Hamas usa gli ospedali di Gaza come scudi

Se gli ospedali della Striscia sono diventati campi di battaglia non è solo perché l’esercito di Israele ha deciso di non fermarsi davanti a nulla pur di impedire che si ripeta un eccidio come quello del 7 ottobre, ma soprattutto perché i terroristi islamici utilizzano le corsie come basi per preparare e condurre le proprie attività terroristiche.

Il portavoce del governo israeliano, Eylon Levy, ha dichiarato a proposito: «Per anni l’Oms, la Croce Rossa e tutte le altre agenzie dell’Onu hanno nascosto l’uso sistematico degli ospedali da parte di Hamas come scudi. Questo era il più grande segreto di Pulcinella della Striscia di Gaza. Per anni non hanno detto nulla e ora chiediamo che ne rispondano a livello internazionale».

E ancora: «Abbiamo scoperto un tunnel che si estende per 10 metri sottoterra ad Al Shifa.
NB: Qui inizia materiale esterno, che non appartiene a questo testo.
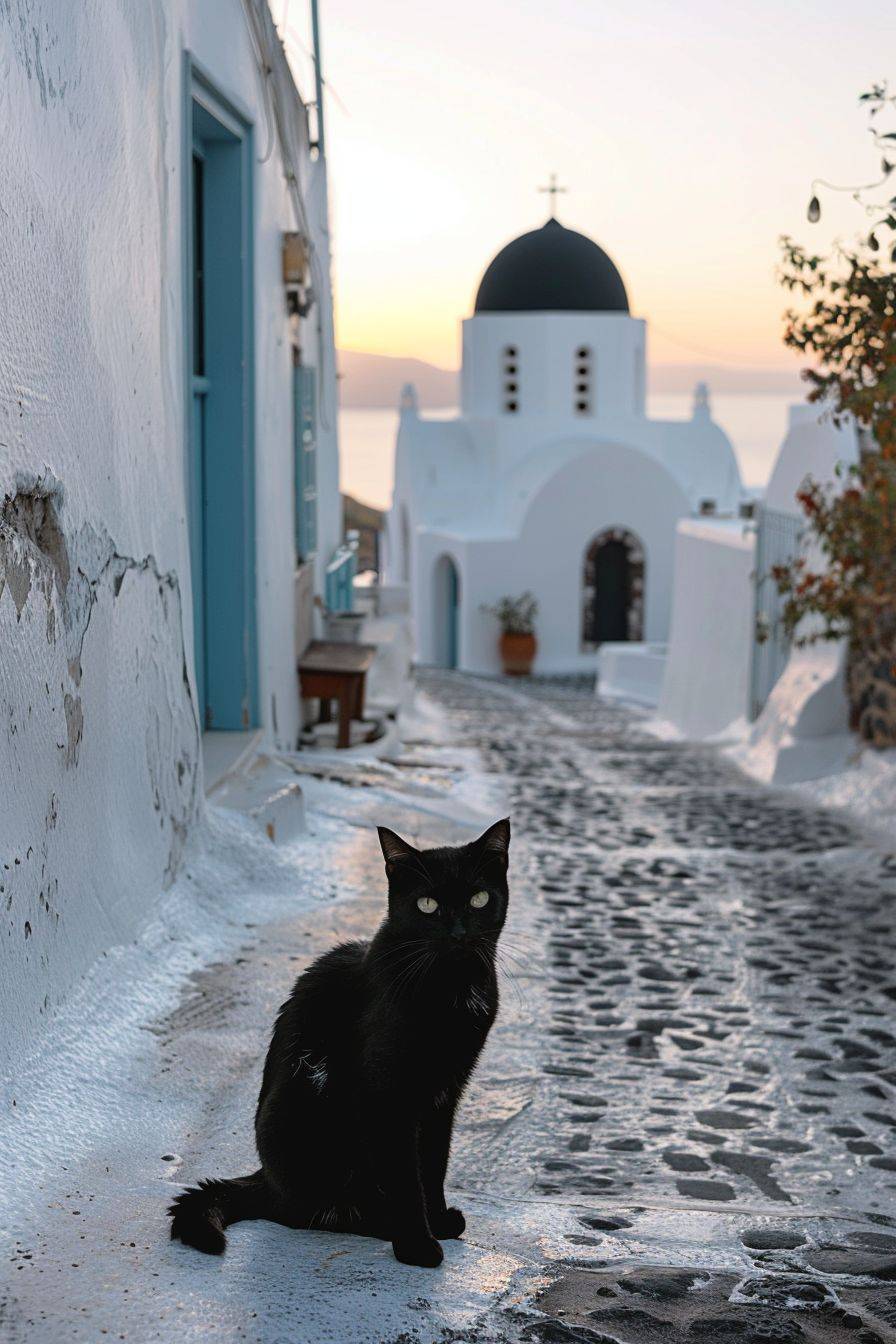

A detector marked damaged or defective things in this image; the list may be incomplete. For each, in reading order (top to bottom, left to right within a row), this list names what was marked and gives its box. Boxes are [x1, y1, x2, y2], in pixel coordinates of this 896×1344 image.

Il tunnel prosegue poi per 55 metri, conducendo a una porta blindata con un foro per sparare. Il 7 ottobre Hamas ha introdotto di nascosto degli ostaggi nell’ospedale e sappiamo che uno (Noa Marciano, ndr) è stato giustiziato lì. Questo è accaduto in pieno giorno, tutti i medici li hanno visti e non hanno detto niente».
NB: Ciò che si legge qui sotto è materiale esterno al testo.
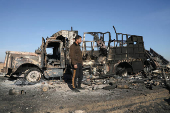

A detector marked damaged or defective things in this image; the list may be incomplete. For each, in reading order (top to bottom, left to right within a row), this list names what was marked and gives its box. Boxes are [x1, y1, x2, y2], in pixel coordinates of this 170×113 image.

burned military truck [1, 26, 168, 83]
destroyed vehicle [1, 26, 170, 85]
charred metal debris [1, 26, 170, 89]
«Questa guerra deve finire»

I piccoli bimbi prematuri evacuati dall’ospedale Al Shifa e costretti a riparare in Egitto per sfuggire alla guerra sono le vittime collaterali di un conflitto, scatenato da Hamas, che ora potrebbe drammaticamente allargarsi anche al sud della Striscia.

«Per noi l’unica soluzione è che questa guerra senza senso finisca», dice Ali, stringendo il più piccolo della famiglia fra le sue braccia.